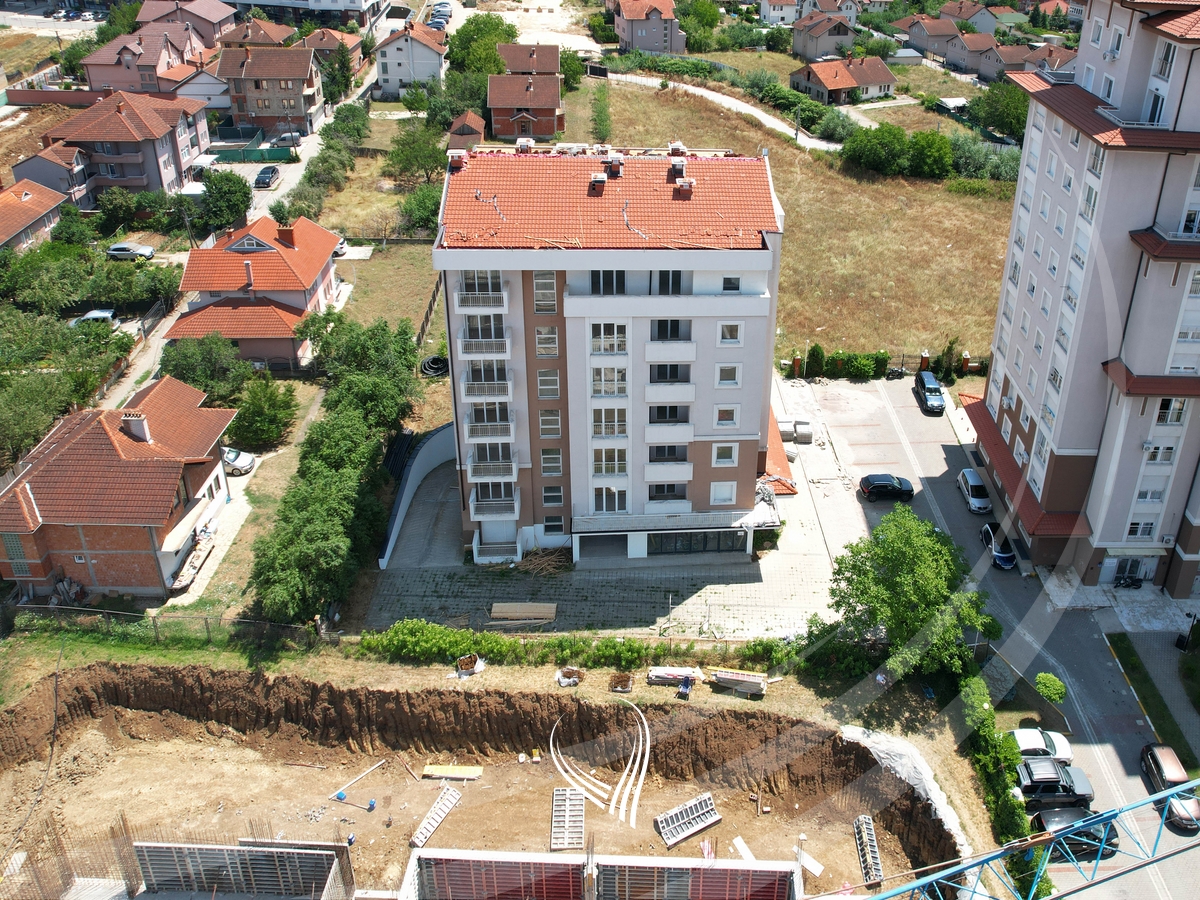 Banesë me 3 dhoma gjumi në shitje në lagjen Kalabria – Emshir14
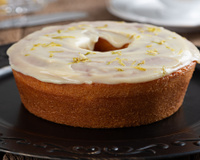 Essa cobertura de limão de 3 ingredientes é cremosa, prática de fazer, e combina com vários sabores de bolo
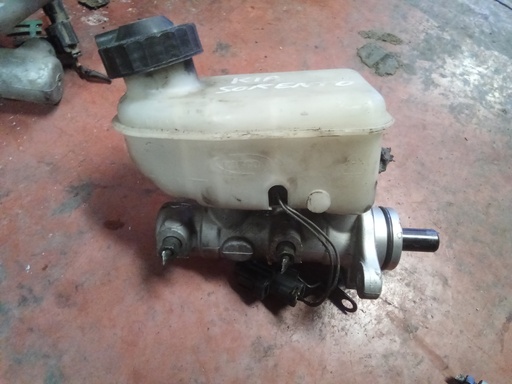 Bomba de freno Kia sorento 2.5 crdi '05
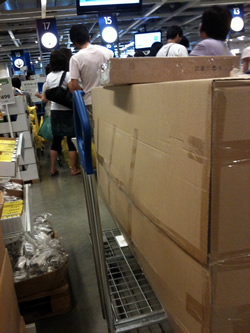 IKEAでソファーを買いレジ待ちちう。 IKEAでソファーを買いレジ待ちちう。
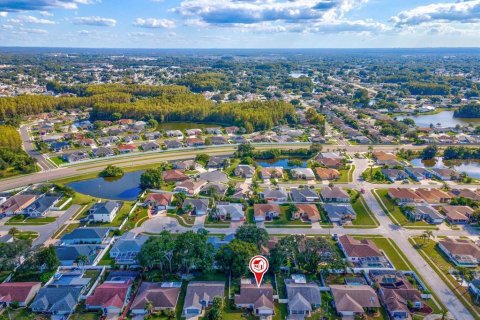 House in New Port Richey, Florida 3 bedrooms, 163.42 sq.m. № 2422742 - photo 27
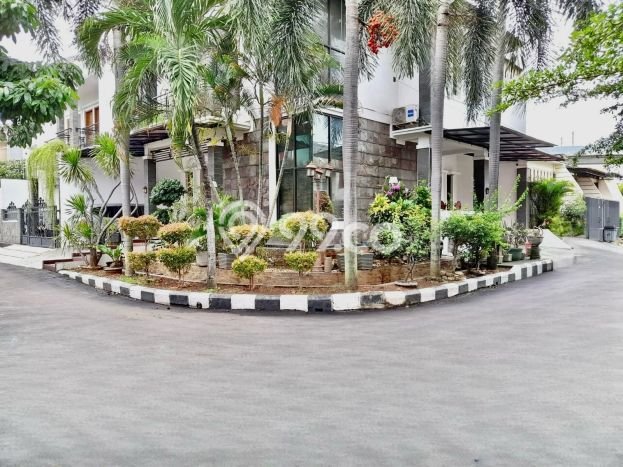 Rumah Elit LB 385m2 Siap Huni Desain Elegan di Jaka Setia, Bekasi Rumah Elit LB 385m2 Siap Huni Desain Elegan di Jaka Setia, Bekasi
────
#### [TASK DETAILS]
Pick up at the line that holds "House in New" and restate each line, word for word, through the last line of the entries. Include both end lines but none of the pictures.

#### [SOLUTION]
 House in New Port Richey, Florida 3 bedrooms, 163.42 sq.m. № 2422742 - photo 27
 Rumah Elit LB 385m2 Siap Huni Desain Elegan di Jaka Setia, Bekasi Rumah Elit LB 385m2 Siap Huni Desain Elegan di Jaka Setia, Bekasi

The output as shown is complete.